Soon after, the schoolgirl loner began to form an identity of her own. Following her elder sister, a club dancer, to central London, she discovered the camp delights of The Rockv Horror Show and the subterranean world of gay nightlife. That made her an ideal invite to The Nuremburg Rally Reunion Party, thrown on Valentine's Day 1976 by Steven Bailey and Simon Barker, where guests were asked to "dress in Nazi uniform or drag". "Ostensibly it was a normal house party," Severin recalls, "but with home-made swastikas, armbands, brown shirts, things like that. There was no evil behind it."

"I called myself Berlin after Cabaret, which was based on those Isherwood stories," says Marshall. "I was into the look of it. Very superficially, it's red and black: great colours, and stylish. It wasn't pro-fascist, pro-Nazi. It was the worst thing you could do to fuck your parents off." The Bromley Contingent's persistent, almost belligerent use of Third Reich imagery, for aesthetic reasons and as a shock tactic, created confusion later when some wrongly interpreted their symbol stealing as evidence of punk's far-right leanings. Sioux is curt and pointed in her explanation. "High camp, not death camp," she says.

As the flashiest femme fatale in the area, the arrival of "the girl from the Roxy Music concert" was eagerly anticipated. "The door went about 1.30am," says Berlin, "and the whole room crackled. She looked like a '20s flapper, and a bit punky, with a gold and black Chinese dress, fishnets and these pink transparent stilettos from Sex. She had a crop, with blonde spikey bits around her fringe, and theatrical make-up with little swastikas on her cheekbones. She saw me dressed in drag. We clicked immediately."

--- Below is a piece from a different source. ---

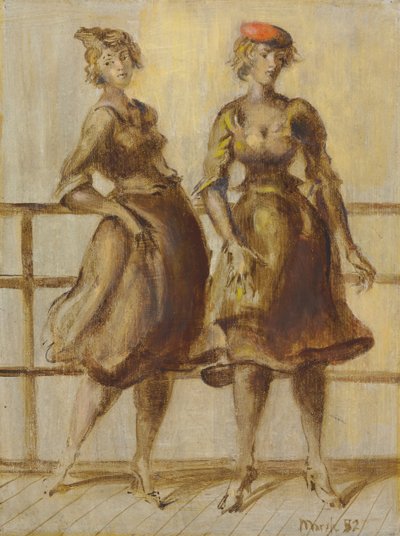 Dvě ženy od Reginald Marsh
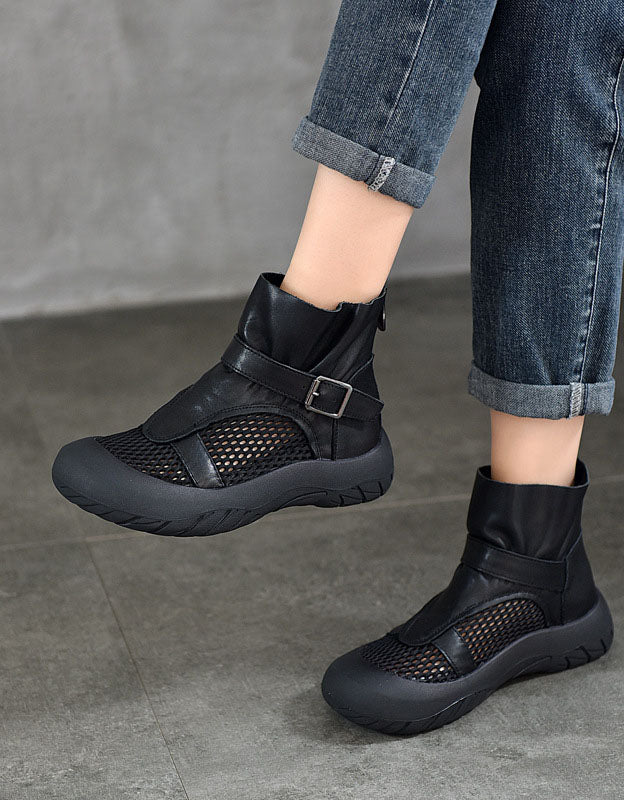 Summer Breathable Mesh Wide Toe Box Shoes Boots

"People think that Sioux is an invention," adds party host Simon Barker. "But she's always been how she is, even before she had a group. Some people have a look for the public, but when they're at home, it's back to the track pants. Sioux always looked incredible, a star even before she'd sung" anything."

Stars were in short supply during the mid-'70s, and in Severin's view, even the once otherworldly and cultish Roxy Music had lost their lustre. "They'd gone from small concert halls to Wembley and that was quite symbolic," he says. And their '40s GI look was deadly dull. "It was the tail end of glam and they were looking backwards," he continues. "Roxy and Bowie were getting too big. There was nothing new coming through that we could identify with."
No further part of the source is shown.